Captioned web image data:
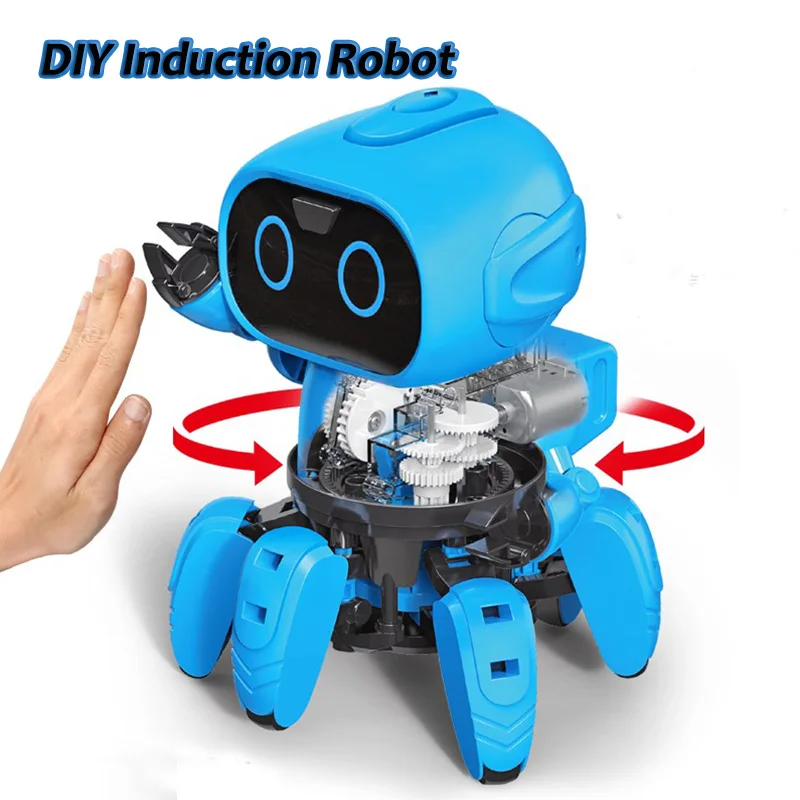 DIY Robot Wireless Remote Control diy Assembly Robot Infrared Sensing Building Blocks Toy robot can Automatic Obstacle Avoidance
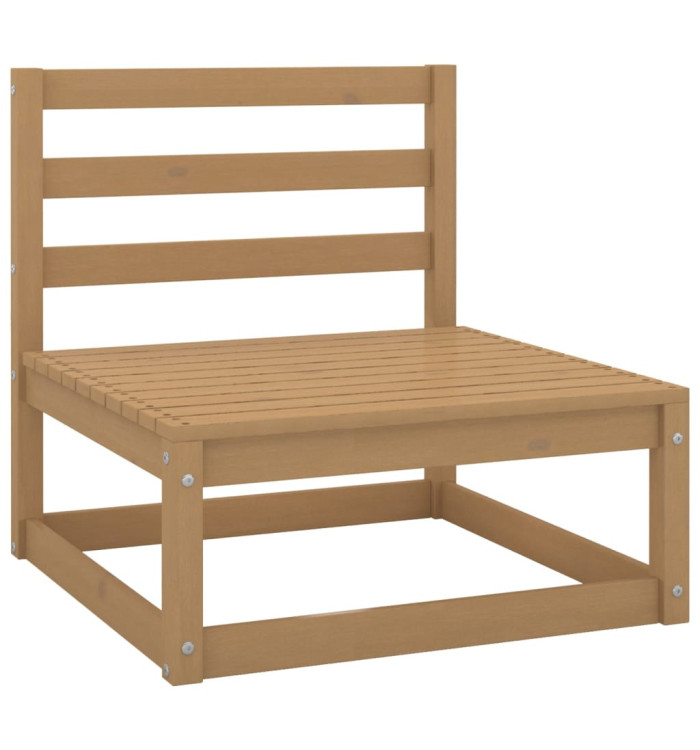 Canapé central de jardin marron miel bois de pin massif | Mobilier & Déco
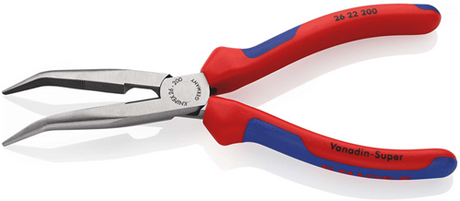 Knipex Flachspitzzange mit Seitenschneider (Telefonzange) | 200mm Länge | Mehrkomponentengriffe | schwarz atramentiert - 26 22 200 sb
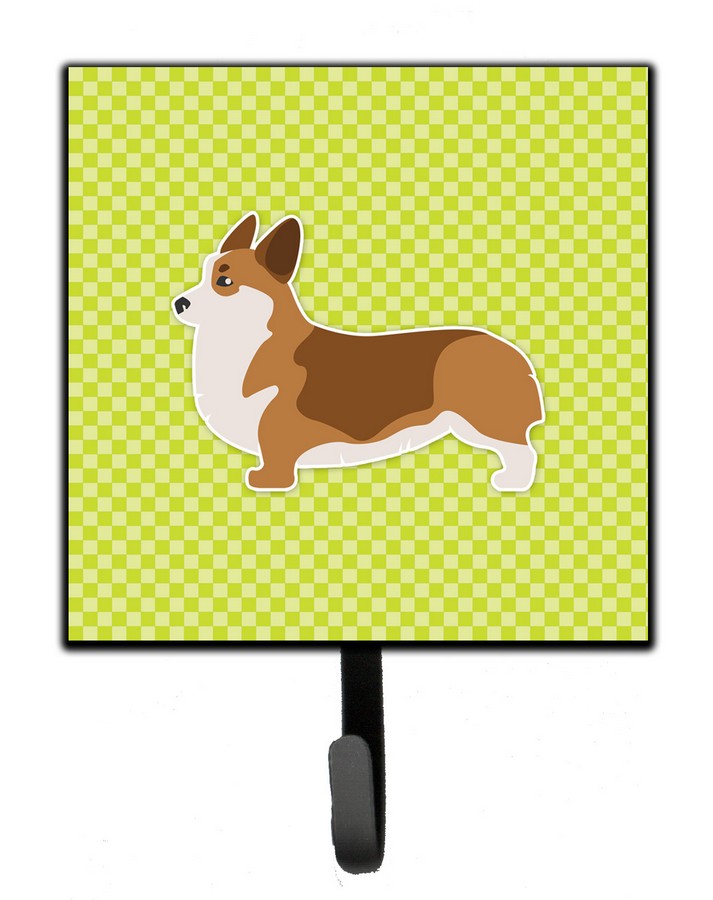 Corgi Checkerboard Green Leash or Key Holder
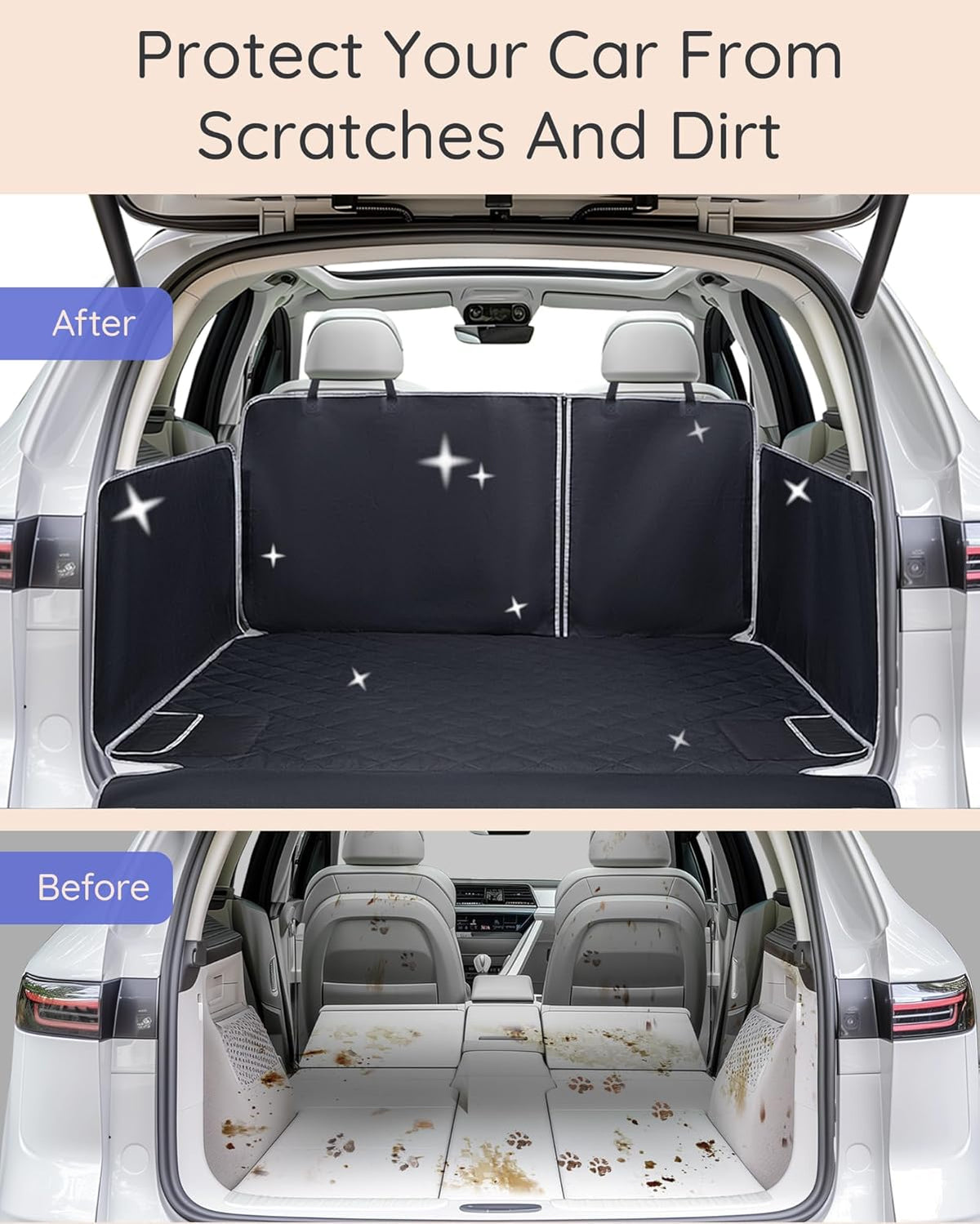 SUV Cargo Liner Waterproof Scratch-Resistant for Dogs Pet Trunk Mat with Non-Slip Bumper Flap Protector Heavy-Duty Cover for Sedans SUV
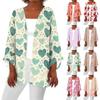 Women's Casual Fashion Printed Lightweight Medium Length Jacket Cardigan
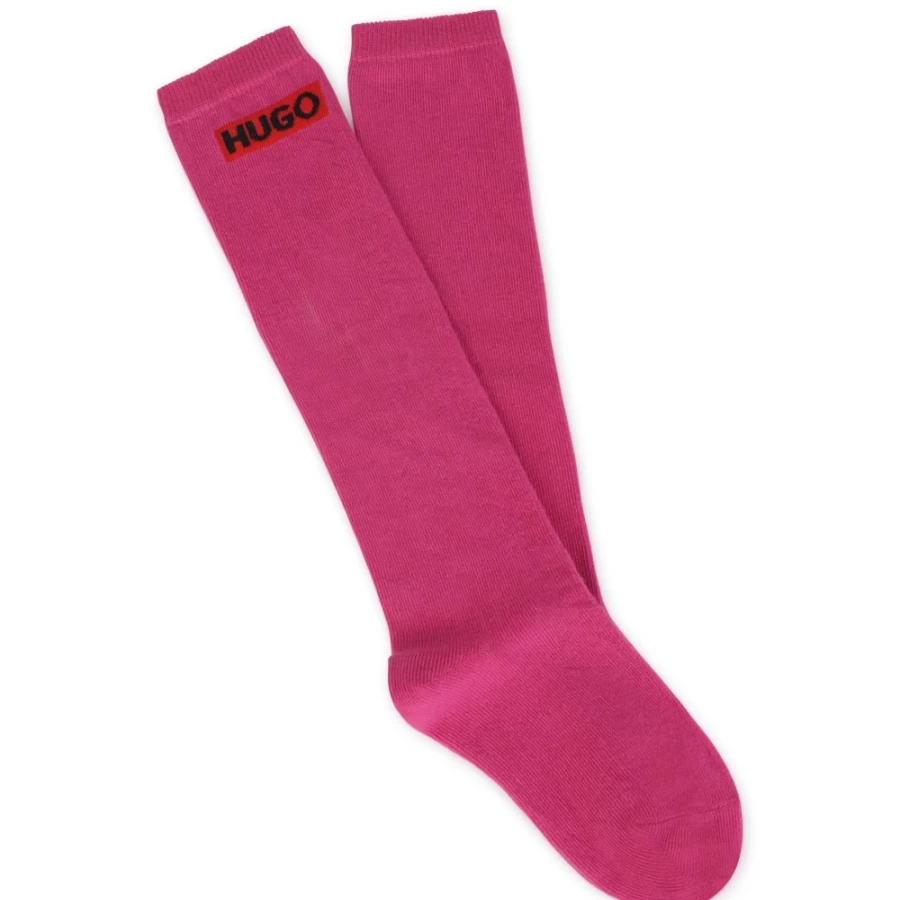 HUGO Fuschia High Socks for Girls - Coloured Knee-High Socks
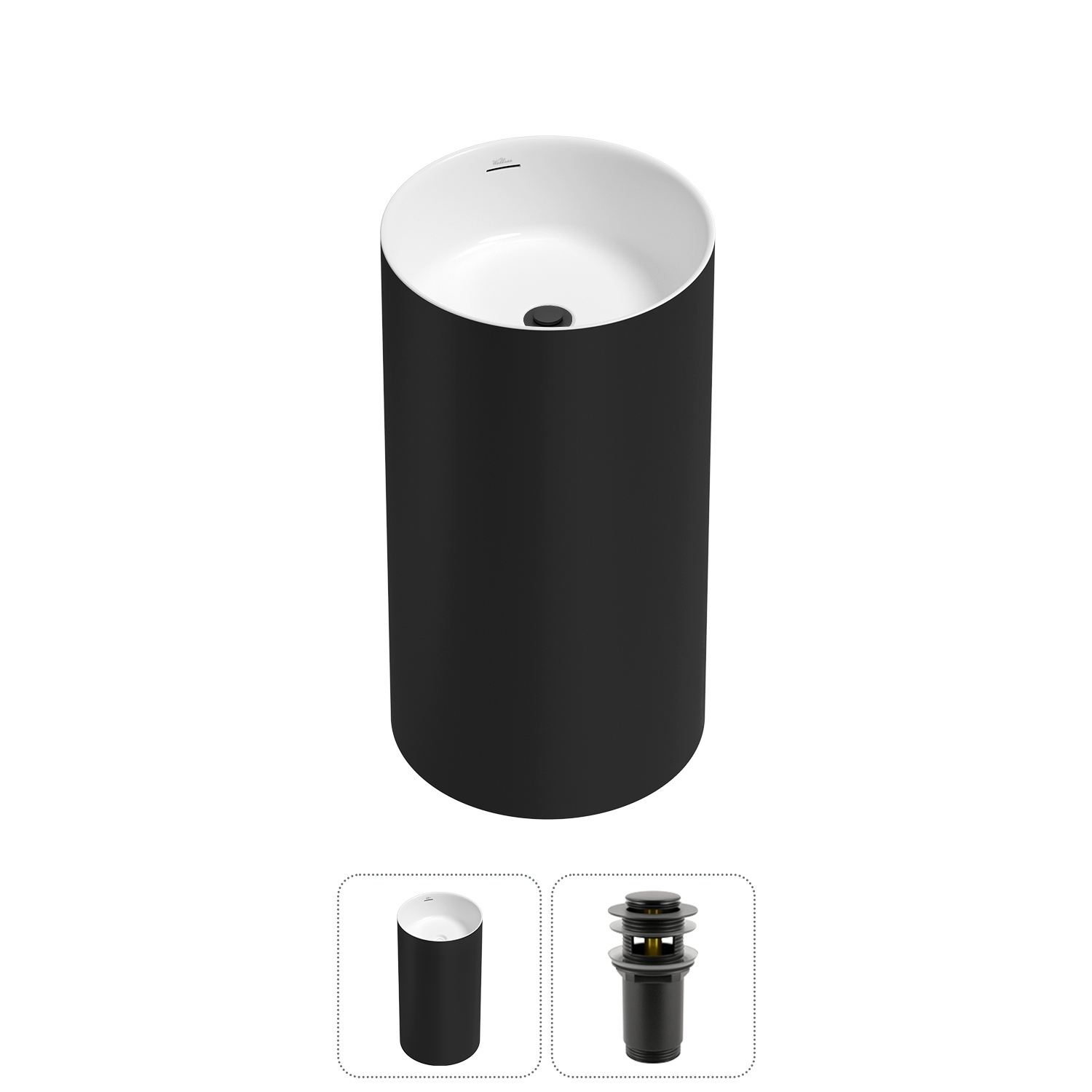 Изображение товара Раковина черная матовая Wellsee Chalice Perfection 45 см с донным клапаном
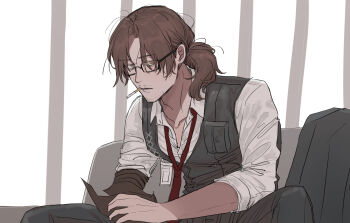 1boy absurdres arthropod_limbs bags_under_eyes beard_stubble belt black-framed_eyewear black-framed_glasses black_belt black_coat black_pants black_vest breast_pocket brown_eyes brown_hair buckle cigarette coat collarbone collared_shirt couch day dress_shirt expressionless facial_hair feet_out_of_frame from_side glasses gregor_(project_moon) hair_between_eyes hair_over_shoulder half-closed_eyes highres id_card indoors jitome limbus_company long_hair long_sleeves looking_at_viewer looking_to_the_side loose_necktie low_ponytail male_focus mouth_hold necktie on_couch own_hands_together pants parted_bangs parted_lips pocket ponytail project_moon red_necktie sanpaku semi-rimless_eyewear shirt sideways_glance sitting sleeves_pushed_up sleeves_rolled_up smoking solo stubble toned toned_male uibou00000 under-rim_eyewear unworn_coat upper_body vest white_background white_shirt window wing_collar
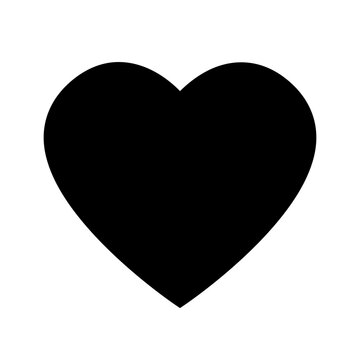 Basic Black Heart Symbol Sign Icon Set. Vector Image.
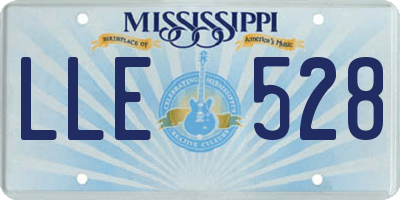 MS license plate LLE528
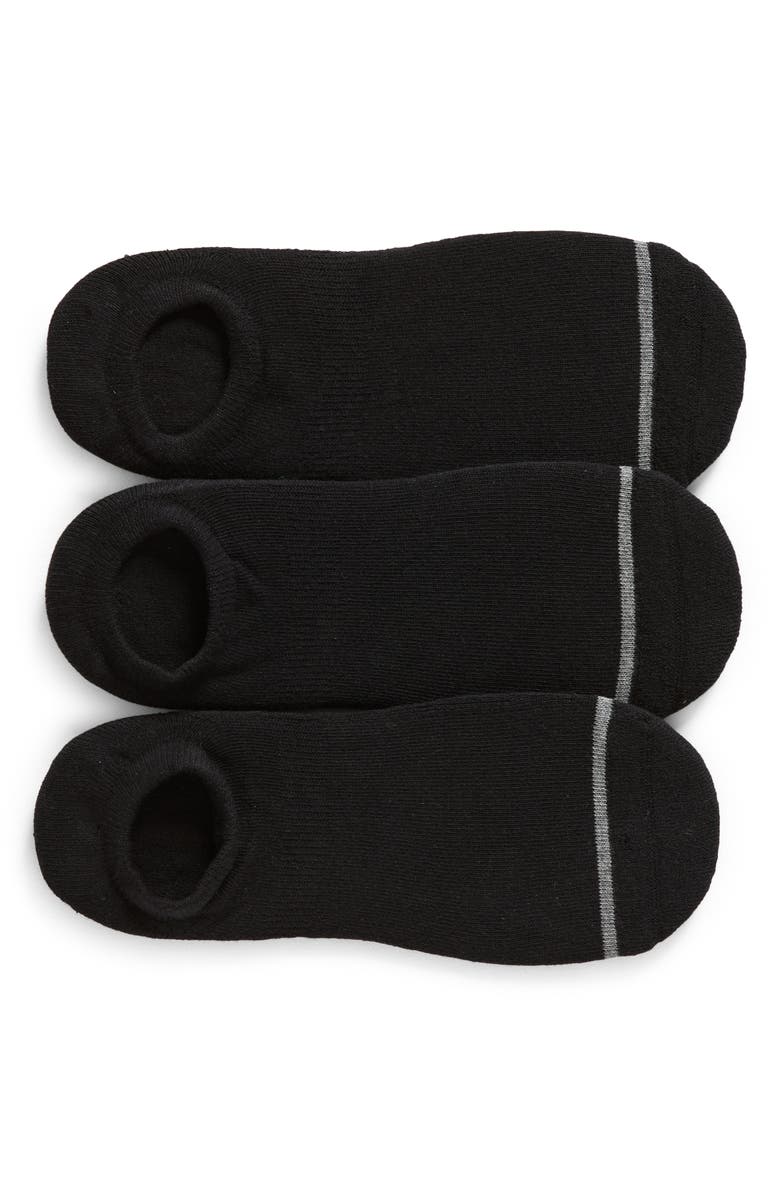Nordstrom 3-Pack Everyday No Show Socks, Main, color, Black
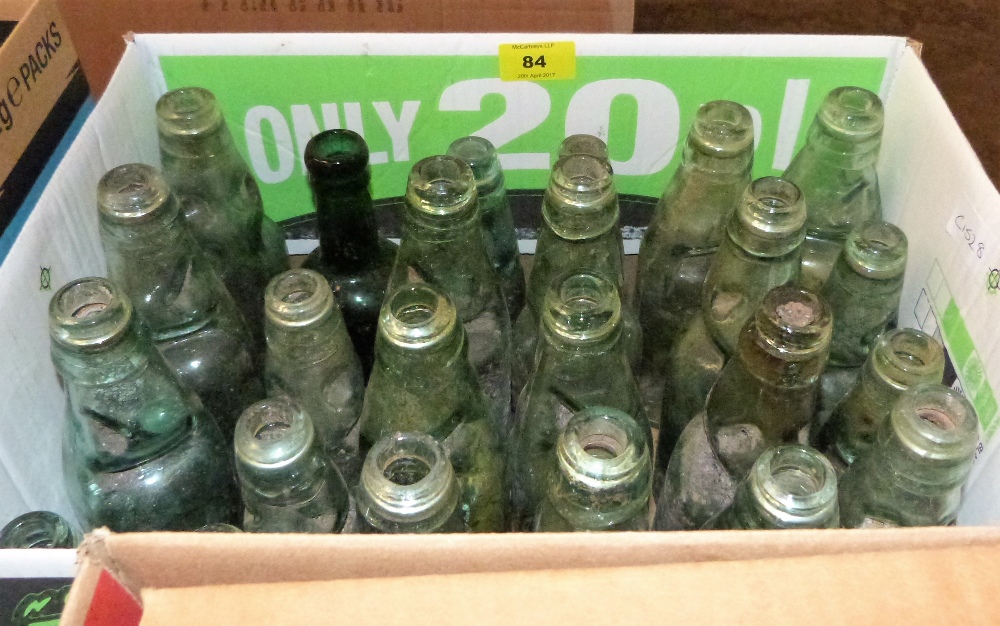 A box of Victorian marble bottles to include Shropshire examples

Exercise: In the data above, find the line with "Corgi Checkerboard Green Leash or Key Holder" and the line with "Women's Casual Fashion". Please copy exactly those two lines and every line between them, but not the pictures.

Result for this exercise:
 Corgi Checkerboard Green Leash or Key Holder
 SUV Cargo Liner Waterproof Scratch-Resistant for Dogs Pet Trunk Mat with Non-Slip Bumper Flap Protector Heavy-Duty Cover for Sedans SUV
 Women's Casual Fashion Printed Lightweight Medium Length Jacket Cardigan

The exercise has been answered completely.